I guess I should have posted this a while back... but here are the things I think would be good to put in the dictionary:

ISR, VBlank, HBlank, DMA, HDMA, Modes 0-5(brief description), EEPROM, SRAM, Flash ROM, EWRAM, IWRAM, OAM, Tiles, Interrupts.

That's what I have so far. If you want me to, I can also come up with the definitions.
_________________
Little kids and Playstation 2's don't mix. :(

#24123 - dovoto - Wed Jul 28, 2004 7:28 am

A quick response in defense of the pern project.

1) They are being rewritten with proper grammar and spelling (at least more proper)

2) Day 1, and 2 rewrites are complete and up, and include such things as how to get data into your games by every means other then some sort of proprietary rom file system. The new graphics converter (improperly named pcx2sprite) can output raw, c, header, object file, and source code will be provided when I have time to comment it. Day 3, and 9 should be up in this weekend.

3) Defines are fine for registers...if your emulator does not have a register viewer get a new emulator. But the tutorials purpose is not to give you a library but to teach you the hardware. The implementation is completely up to you. Use bitfields for all I care :)

4) Day 3 and nine should be up by the end of the week.

5) make is a waste of time for single file projects such as 90% of my tutorials and I felt (and still feel) that make is a complexity that has no place in my tutorial.

6) In response to 5 and as a compromise I will add an appendix to cover make files, and be sure to enlighten readers on the proper way to manage projects.

7) I have several hundred hours of effort invested in my tutorials and well over a hundred pages of GBA info.. I have no editor and I can?t spell, but I do now write my text in a word processor before posting it for the world to see. My tutorials are always open to feedback of any sort.

8) I have only made it to page two of this thread and felt compelled to post so if i am being redundant please forgive :)

9) My tutorials were at one time very popular and their accuracy and "correctness" both in a technical sense and in an aesthetic sense are important to me. Instead of starting a new series can we instead just give me feedback to incorporate into my rewrite?


-i am going to finish reading this thread and see if there is anything else to add.
_________________
www.drunkencoders.com

#24144 - tepples - Wed Jul 28, 2004 3:18 pm

dovoto wrote:
2) Day 1, and 2 rewrites are complete and up, and include such things as how to get data into your games by every means other then some sort of proprietary rom file system.

Slight correction: GBFS isn't proprietary but rather free software.

Quote:
5) make is a waste of time for single file projects such as 90% of my tutorials

Anything that involves converting bitmaps won't be a single file project, as you need at least one file for code and one for graphics. Anything on or after the day ISRs are introduced won't be a single file project, as you need at least one file for Thumb code in ROM and another for ARM code in IWRAM.

Quote:
9) My tutorials were at one time very popular and their accuracy and "correctness" both in a technical sense and in an aesthetic sense are important to me. Instead of starting a new series can we instead just give me feedback to incorporate into my rewrite?
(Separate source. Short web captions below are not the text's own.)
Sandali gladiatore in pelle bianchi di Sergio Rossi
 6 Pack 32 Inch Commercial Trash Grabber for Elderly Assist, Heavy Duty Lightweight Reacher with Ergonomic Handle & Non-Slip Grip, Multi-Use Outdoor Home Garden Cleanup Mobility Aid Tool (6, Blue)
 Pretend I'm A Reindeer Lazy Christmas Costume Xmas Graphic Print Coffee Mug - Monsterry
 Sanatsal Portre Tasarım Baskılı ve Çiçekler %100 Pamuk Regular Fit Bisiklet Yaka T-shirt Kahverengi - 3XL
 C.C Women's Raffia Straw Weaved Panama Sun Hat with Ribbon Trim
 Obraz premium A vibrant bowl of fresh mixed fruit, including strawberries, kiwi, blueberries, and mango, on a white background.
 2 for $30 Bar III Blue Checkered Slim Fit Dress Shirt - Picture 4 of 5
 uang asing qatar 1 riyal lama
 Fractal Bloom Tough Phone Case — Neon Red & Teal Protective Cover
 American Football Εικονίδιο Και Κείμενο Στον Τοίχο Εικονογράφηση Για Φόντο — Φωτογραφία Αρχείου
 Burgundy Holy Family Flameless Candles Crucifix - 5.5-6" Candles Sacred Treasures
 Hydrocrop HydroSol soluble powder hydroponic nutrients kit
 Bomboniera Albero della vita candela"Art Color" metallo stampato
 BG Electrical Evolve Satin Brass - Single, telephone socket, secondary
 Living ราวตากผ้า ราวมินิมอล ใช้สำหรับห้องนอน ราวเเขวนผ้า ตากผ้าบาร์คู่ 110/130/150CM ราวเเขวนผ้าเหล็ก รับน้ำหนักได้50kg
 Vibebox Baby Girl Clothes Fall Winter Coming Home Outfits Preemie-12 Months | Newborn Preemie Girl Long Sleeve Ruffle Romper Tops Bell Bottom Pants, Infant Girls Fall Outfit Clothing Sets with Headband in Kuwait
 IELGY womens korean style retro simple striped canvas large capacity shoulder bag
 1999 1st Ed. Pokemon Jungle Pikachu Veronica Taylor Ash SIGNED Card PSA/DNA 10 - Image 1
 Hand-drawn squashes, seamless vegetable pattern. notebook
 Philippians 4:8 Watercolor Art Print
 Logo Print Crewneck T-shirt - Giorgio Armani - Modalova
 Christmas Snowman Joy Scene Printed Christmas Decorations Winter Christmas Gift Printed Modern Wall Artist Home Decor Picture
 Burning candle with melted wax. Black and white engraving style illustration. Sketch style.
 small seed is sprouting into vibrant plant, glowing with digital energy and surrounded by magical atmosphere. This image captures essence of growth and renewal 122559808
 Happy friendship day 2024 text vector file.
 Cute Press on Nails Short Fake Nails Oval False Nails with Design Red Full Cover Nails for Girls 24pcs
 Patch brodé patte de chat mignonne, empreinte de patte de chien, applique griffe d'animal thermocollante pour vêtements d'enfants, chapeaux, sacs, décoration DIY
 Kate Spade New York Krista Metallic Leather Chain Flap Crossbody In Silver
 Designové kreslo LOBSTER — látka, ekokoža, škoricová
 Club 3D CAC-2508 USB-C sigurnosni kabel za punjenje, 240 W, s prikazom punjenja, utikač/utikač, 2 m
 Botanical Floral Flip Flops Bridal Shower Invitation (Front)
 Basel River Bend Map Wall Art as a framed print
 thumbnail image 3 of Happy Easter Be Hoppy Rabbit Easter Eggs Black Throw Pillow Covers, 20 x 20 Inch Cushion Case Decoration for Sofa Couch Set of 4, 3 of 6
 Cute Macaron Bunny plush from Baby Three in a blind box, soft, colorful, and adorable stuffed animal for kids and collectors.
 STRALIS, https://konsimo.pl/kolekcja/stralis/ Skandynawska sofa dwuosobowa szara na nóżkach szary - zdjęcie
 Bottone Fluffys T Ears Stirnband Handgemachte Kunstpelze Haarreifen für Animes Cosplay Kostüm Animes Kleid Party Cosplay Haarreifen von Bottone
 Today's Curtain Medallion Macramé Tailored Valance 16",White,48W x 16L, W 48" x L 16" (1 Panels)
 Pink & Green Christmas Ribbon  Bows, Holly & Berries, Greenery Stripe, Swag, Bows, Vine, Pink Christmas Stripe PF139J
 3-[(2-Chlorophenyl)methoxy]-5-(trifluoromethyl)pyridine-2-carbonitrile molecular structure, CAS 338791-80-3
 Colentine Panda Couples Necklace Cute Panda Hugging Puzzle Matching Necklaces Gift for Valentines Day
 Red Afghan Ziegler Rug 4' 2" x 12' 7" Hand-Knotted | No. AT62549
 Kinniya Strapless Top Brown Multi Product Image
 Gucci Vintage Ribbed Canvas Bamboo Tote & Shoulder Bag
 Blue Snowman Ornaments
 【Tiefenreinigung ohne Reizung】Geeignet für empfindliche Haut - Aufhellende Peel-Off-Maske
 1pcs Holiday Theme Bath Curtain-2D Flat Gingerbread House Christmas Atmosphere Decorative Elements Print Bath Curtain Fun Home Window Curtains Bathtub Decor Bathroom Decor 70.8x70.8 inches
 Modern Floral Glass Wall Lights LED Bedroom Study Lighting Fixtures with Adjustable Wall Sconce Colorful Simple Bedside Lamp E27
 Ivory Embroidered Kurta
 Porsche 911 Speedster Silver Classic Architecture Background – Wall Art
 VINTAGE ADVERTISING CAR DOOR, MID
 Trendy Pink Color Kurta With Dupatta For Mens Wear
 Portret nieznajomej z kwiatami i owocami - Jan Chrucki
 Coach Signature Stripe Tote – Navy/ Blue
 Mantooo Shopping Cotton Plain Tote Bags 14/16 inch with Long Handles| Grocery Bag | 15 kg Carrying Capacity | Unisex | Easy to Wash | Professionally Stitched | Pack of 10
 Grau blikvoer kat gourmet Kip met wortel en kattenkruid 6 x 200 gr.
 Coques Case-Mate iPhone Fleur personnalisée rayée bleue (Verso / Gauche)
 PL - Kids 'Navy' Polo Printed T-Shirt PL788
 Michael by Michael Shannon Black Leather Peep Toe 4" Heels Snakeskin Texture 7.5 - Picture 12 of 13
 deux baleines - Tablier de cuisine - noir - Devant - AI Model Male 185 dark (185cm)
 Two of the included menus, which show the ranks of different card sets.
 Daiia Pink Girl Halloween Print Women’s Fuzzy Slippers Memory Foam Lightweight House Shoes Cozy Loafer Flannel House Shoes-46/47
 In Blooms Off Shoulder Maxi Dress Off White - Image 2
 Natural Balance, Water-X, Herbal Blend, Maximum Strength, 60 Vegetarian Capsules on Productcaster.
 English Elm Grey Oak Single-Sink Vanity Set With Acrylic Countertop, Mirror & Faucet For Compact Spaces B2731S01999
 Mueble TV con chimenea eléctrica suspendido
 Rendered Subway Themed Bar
I wish you good luck on version 2.
_________________
-- Where is he?
-- Who?
-- You know, the human.
-- I think he moved to Tilwick.

#25256 - Deanonious - Thu Aug 19, 2004 4:09 pm

I have significant experience writing software in Windows... mostly Visual Basic and some Visual C++, and because of that I have absolutely no hardware programming experience, so prior windows programming experience a side, I consider myself a complete newbie.

I have looked through many of the tutorials out there, I even read through all of Mr. Harbour's book, and I have some comments on what I have found or not found in them, and I think this insight would be quite useful to the discussion at hand.

1) Coming from a totally "Modern" Windows programming background I do not completely understand Timers or Interrupts. I understand procedural programs and Event driven programs, and although Message Handlers are a direct descendent of Interrupt Handlers I have been so completely sheltered from the hardware aspects of coding them that Interrupt Handlers still remain mysterious to me. I do realize and undestand there importance in GBA programming, but I have not found a concise and adaquate reference on them. I believe that a good introduction to them should be made as early as possible in the Beginner Tutorials, and then as the tutorials progress more in depth coverage of them should be given.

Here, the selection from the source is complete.